CHT: In I Dated a Guy in Buchenwald (2013) you improvised a kiss in Nazi concentration camp Buchenwald, engaging you and your partner in a provocative act that revived a time when gay people were oppressed for their sexual orientation, provoking a collision between the past and the present. Is there any idea of a healing process behind this act?ICW: A lot of people think there is a healing process behind it, and maybe there is. When I was having the date, I actually didn’t think of doing
an art work. It just felt weird that two gay guys visit a concentration camp where homosexuals were persecuted and executed. I asked if I could kiss him and after kissing him I remarked that people couldn’t do that in the past. For me it was only one of the stories of my life. Not until I had seen the news from Russia about the 100-year ban on gay propaganda [in 2012, Russia voted to ban gay parades for the next 100 years], I asked François, who I dated in the camp, to write me anything about the date. His text ended with the words “human warmth”. I think the healing process is more about how we both have looked at the event, and how we wanted people to look at the event: where is the human warmth when we look back at human history?
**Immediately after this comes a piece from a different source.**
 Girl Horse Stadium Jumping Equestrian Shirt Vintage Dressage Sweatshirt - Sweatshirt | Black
CHT: A few years ago, you organised One Sound of the Futures, an important public performance in Hong Kong, in which participants were encouraged to express loudly their wishes for the future. Does your practice aim to share a vision of the future? ICW: For this performance, numerous people in three different cities were invited to talk about their personal futures, all at the same time. Between the performers there was at least two metres, so that what each heard from the others was often fragmented. That means that the performance allowed for sharing while giving enough space to people to talk freely about their own futures, without always being heard by other people.
CHT: Reviving the past within the present or expressing the future in the present is an important thread of your practice. Do you see our bodies as potential bridges that can reach back the past and out to the future? ICW: Why are we told about the past? And how does it lead to the future? I am interested to find out how our bodies are able to apprehend the future while connecting ourselves to the past. This is what I have tried in the performance One Sound of the Histories, where people were invited to talk about their personal past in a public square which was built by Hitler.
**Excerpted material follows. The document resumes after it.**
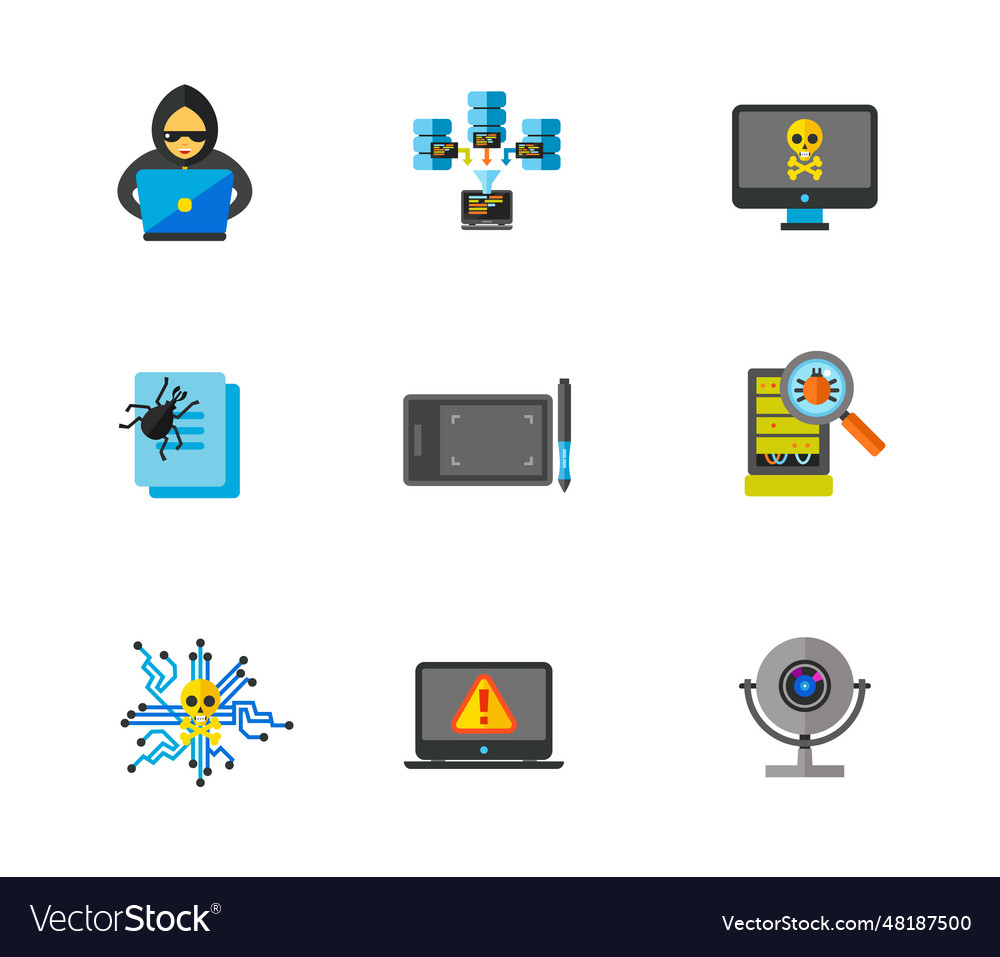 Hackers and data center icon set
CHT: In Rehearsal of the Futures: Police Training Exercises (2018), policemen are trained in slow motion, breaking down the movements of violence. You told me these are utopian practices, taking place in a future when, you hope, there will be less violence. At the same time, your deconstruction of the movements emphasises each gesture and might exacerbate violence. Are you playing on this ambiguity? ICW: I don’t know if I should hope that violence be reduced. I don’t know if it would be a good idea to have no confrontation, or to not even allow confrontation to happen. Violence exists not only physically; it is also inherent to different structures. I believe violence will not disappear, but we can look at the different forms it might take. The work itself shows that soft power and soft violence will still go on in the future, with the proposition that riot police will still be trained, but in an artistic way. Here I think the work is more about questioning the gaps between our imagination of a so-called utopian version of police
training exercises and the actual ones.
CHT: To what extent would you connect this work with Hong Kong? ICW: When I produced the work, I did not localise it to any specific place, since police have a shared global identity. When it is exhibited in different places, I believe that visitors are able to connect their memories of the police acting in the virtual world and in their own city.
CHT: You have been working a lot in public spaces, inviting participants to walk with you in the streets in slow motion, forming improvised lines or expressing themselves collectively. What led you there? ICW: Collectivity is important in Chinese culture. In Hong Kong, I feel like I don’t live as an individual, but more as someone who represents his family. Hong Kong is a city where people don’t have much space, and it is impossible to ignore the physical presence of others: even if we are in a packed car, we twist our body in order not to have any physical connection with strangers. The distance between strangers was one of the themes that I investigated earlier, and it did influence how I think of the presence of bodies in public space. The series Equilibrium (2012) was an important turning point for me, when I started to ponder how I could get closer to people or gather people though performance.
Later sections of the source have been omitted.